■ **The task**
Make an exact copy, without pictures, of the lines below from the one containing "Nenesupply Válvulas de" to the last line, both ends included.

※ ※ ※

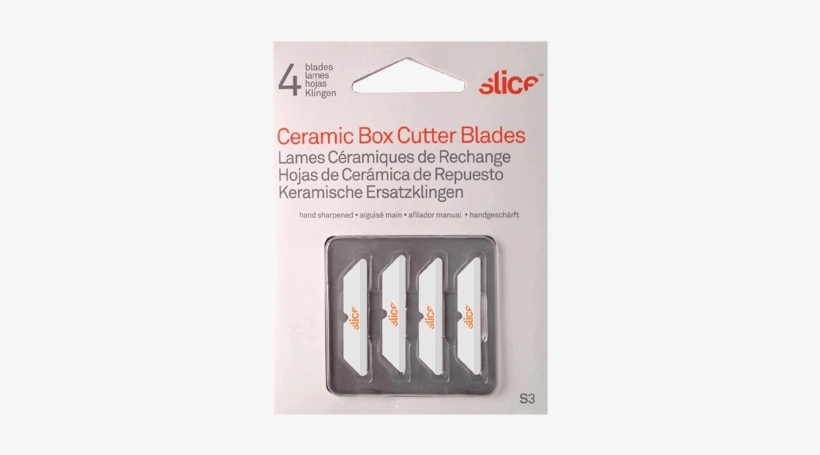 Slice Products Slice 10404 Replacement Blades, Box, transparent png #4043718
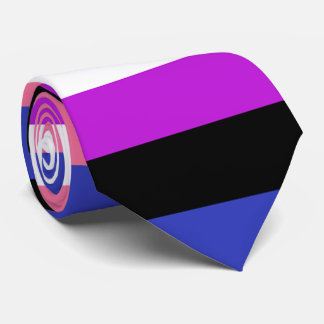 Genderfluid Colours Krawatte Tie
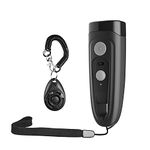 TOKEGO Ultrasonic Dog Dark Deterrent,Dog Barking Control Devices,Rechargeable Anti Barking Device Outdoor and Indoor,Handheld Stop Neighbors Dog Barking 16.5ft Range,LED Flashlight,Dog Clicker Black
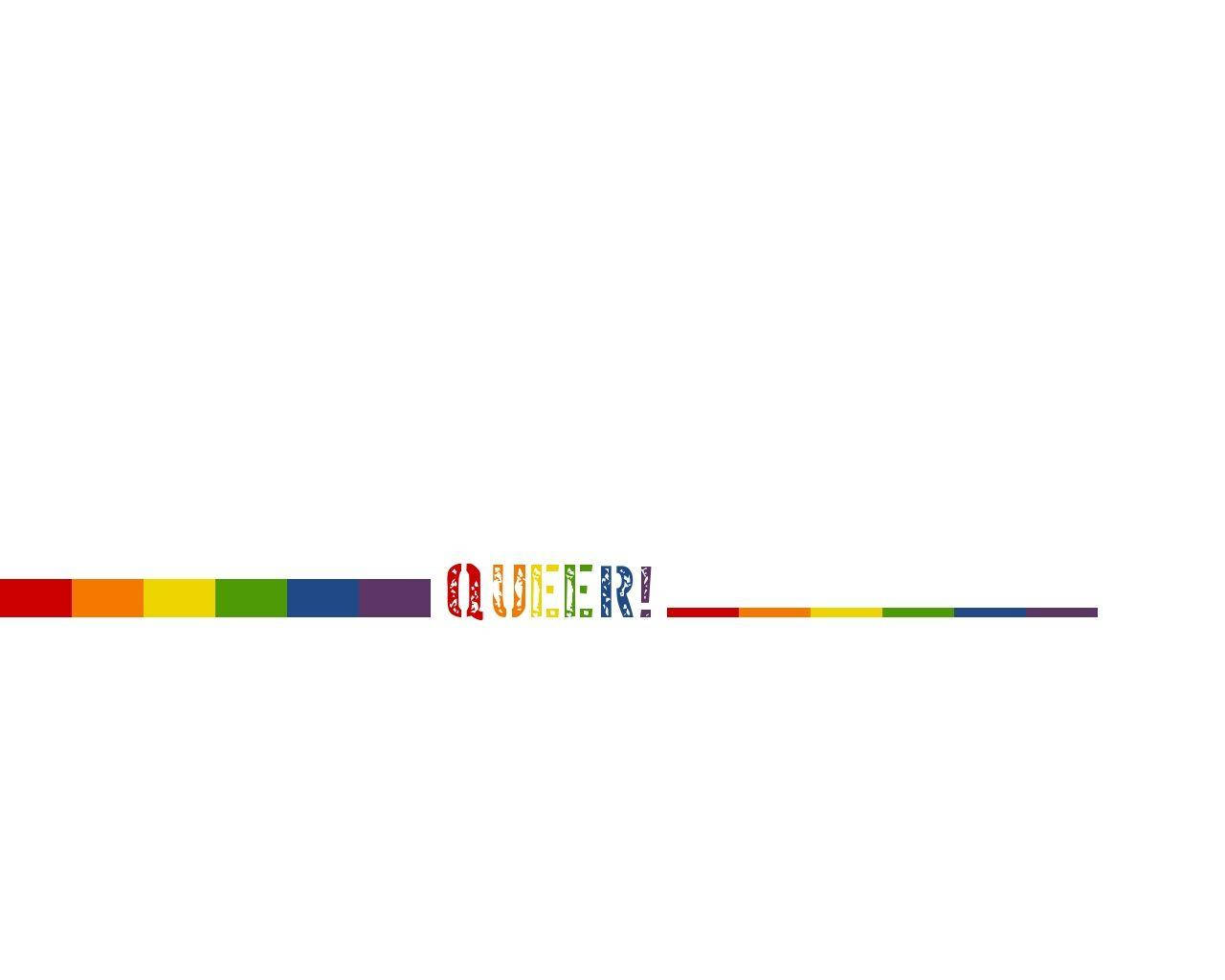 Queer, rainbow colors, white background, HD Desktop Wallpaper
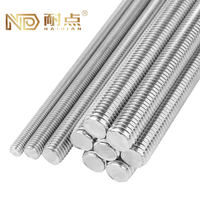 Hot Dipped Galvanized Zinc Plated Carbon Steel Flat Head Threaded Stud Rod Class 4.8/6.8 Unef Thread M12-M30 80mm-3000mm Naidian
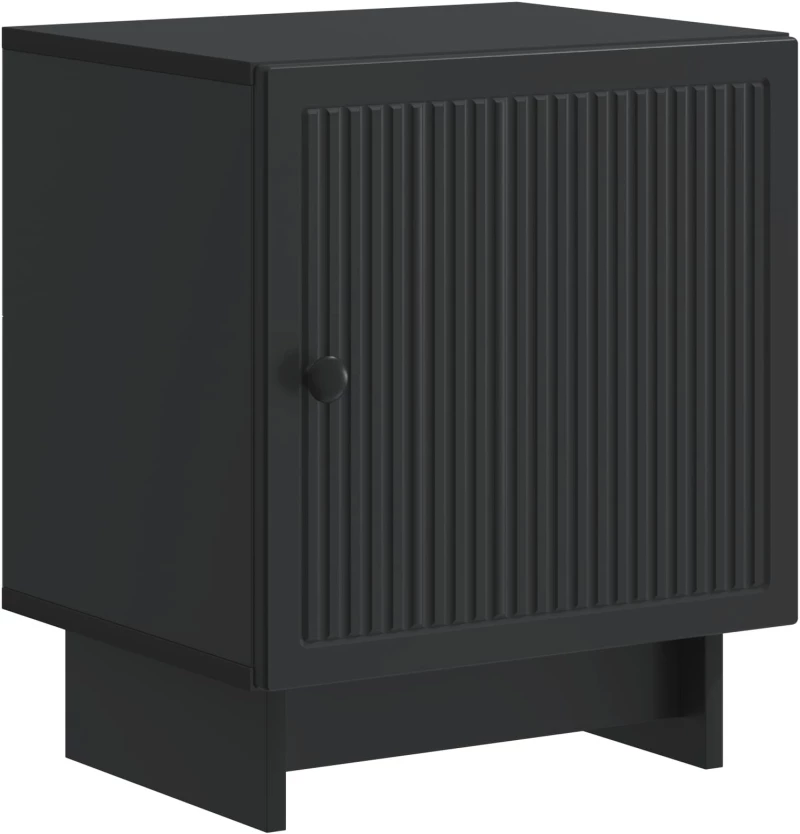 vidaXL Κομοδίνο 2 pcs Μαύρο 43 x 34,5 x 50 εκ Επεξεργασμένο Ξύλο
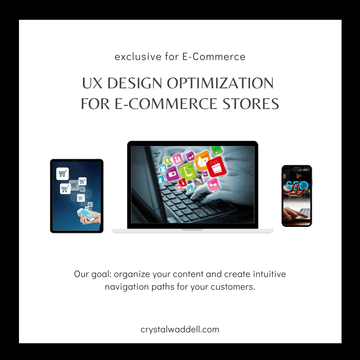 Using UX ecommerce best practices, we are proud to to showcase this exclusive for ecommerce offer! UX Design optimization for ecommerce stores. We utilizing design thinking and proven UX practices to implement the best in UX/UI Ecommerce design!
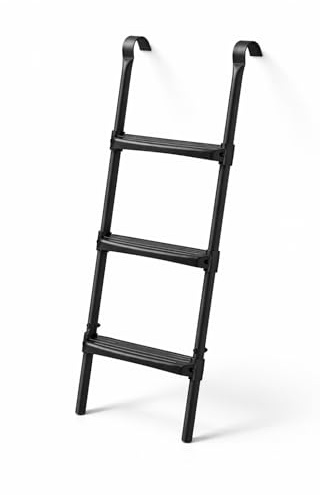 Zero Gravity Premium Adjustable 2/3-Step Trampoline Ladder with Wide, Non-Slip Treads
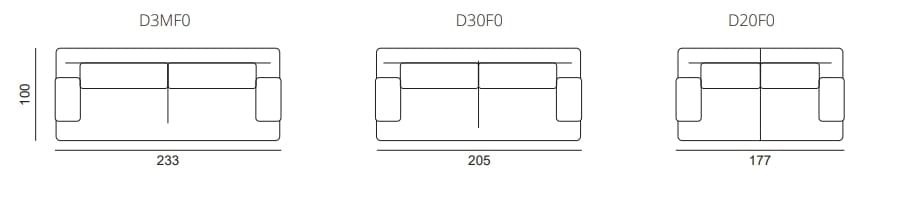 Линейный диван AERRE ITALIA Eclipse ARCH-00136932 - Вид №6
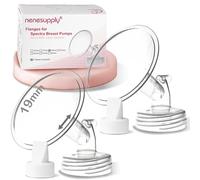 Nenesupply Válvulas de brida y Duckbil de 19 mm compatibles con el extractor de leche Spectra S1 S2 9 Plus Synergy Gold compatible con piezas de bomba Spectra. Reemplazo a válvulas Spectra Flange de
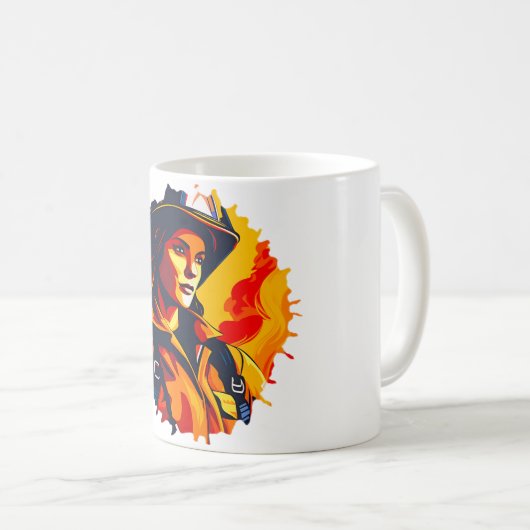 40 brandweerman aan koffiemok (Voorkant rechts)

※ ※ ※

■ **Result below**
 Nenesupply Válvulas de brida y Duckbil de 19 mm compatibles con el extractor de leche Spectra S1 S2 9 Plus Synergy Gold compatible con piezas de bomba Spectra. Reemplazo a válvulas Spectra Flange de
 40 brandweerman aan koffiemok (Voorkant rechts)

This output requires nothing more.